24

Me and Lottie are sitting on her steps with a real-life reporter from the newspaper.

He called this morning after Momma left for work. “Mrs. Raines, please?” he’d said.

“She ain’t here.” I didn’t offer to take a message, ’cause some people just talk and talk and do they think I’m a secretary? I can’t write that fast.

“Is this Violet Raines?”

Never identify yourself over the phone. Then I jerk my head—I wasn’t supposed to say Momma wasn’t home either.

“Actually,” I said, “Mrs. Raines is here, but she’s taking a shower.”

Then he said his name and that he was a reporter from the newspaper and how he got this letter about a tragic incident, that’s what he called it, and he wanted to come talk with everyone involved. Today.

“Today?” I shouted. I got that man’s number, called Momma at work, and now here we sit, me and Lottie, the ones involved in the tragic incident.

Except I must admit I don’t feel tragic at all. Momma’s here, Lottie’s whole family’s here, and everyone’s happy. Even Melissa being here with her momma don’t spoil it for me.

First off, he asks each of us to describe in our own words what happened. We interrupt each other a lot, adding details and parts the other one forgot. He laughs. “You girls are like sisters, the way you finish each other’s sentences.”

We look at each other and giggle. At the same time, I say, “We practically are!” and Lottie says, “Violet practically lives at our house!” and then we laugh some more.

I like how he writes down every little thing we say, like it’s so important. The photographer comes over and takes a few pictures of us. Melissa’s watching from the side. She wants to be in the picture so bad, I just know it. Well, this is just for those who were involved in the tragic incident, and that is not her.

“Oh, I just want to get one thing right,” the reporter says. He looks at Lottie. “Your name, ‘Lottie’—is that with an ‘i’ or a ‘y’ at the end?”

“Actually, it’s—” I start to correct him, but Lottie talks over me.
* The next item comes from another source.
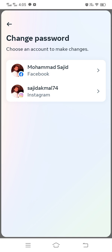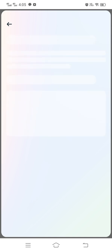Tap on the option related to which account you want to change the password for. Here we are going to change the Facebook password. If you want to change your Instagram password, tap on the Instagram option. Since we're changing the Facebook password, tap on Facebook.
“Actually, I have a question,” she says. “If something’s in the paper, does that mean it’s the truth? Like that’s the way things really are?”

The reporter nods. “We’d get in big trouble if we didn’t get things right.”

“Okay, then.” She takes a big breath. “My name is Char.”

I turn so quick I almost snap my neck. “Char? Where’d you get that from?”

Lottie’s face gets pink, but she keeps her eyes on the reporter. “It’s short for Charlotte,” she tells him. “C-h-a-r.”

Char. It’s so pretty. Only one thing: “Did Melissa make that up for you?”

“No.” She jerks her head at me. “I came up with it myself.”

In that case, “I love it,” I say.

“Me too!” Melissa says from the steps. “It sounds like a celebrity name.” She waves her hand as if Lottie’s new name was on a marquee. “Char!”

“Short for ‘Charlotte,’ ” Lottie says again.

The reporter writes it down. Then he smiles at Melissa. “Okay, Melissa, let’s get your story.”

I leap up. “She wasn’t even there!”

“Violet!” Lottie says as if I’m acting foolish. Melissa swings around the banister and sits on the other side of her. That girl moves just like a cat.

The reporter says, “We want folks to know about the good neighbors around here.”

“Thank you,” Melissa purrs.

I sit back down ’cause I got to hear what she says. It’s all true, how Lottie’s family is staying over there, but oh, my Lord, she makes herself out to be an angel, and she really doesn’t have anything to do with this. The more I listen, the more my lips pout and my eyes become slits.

Flash! The photographer takes our picture. “One more,” he says. I’m so mad at Melissa horning in on mine and Lottie’s tragic incident, I don’t even make my fake-happy face. I let the real me show through.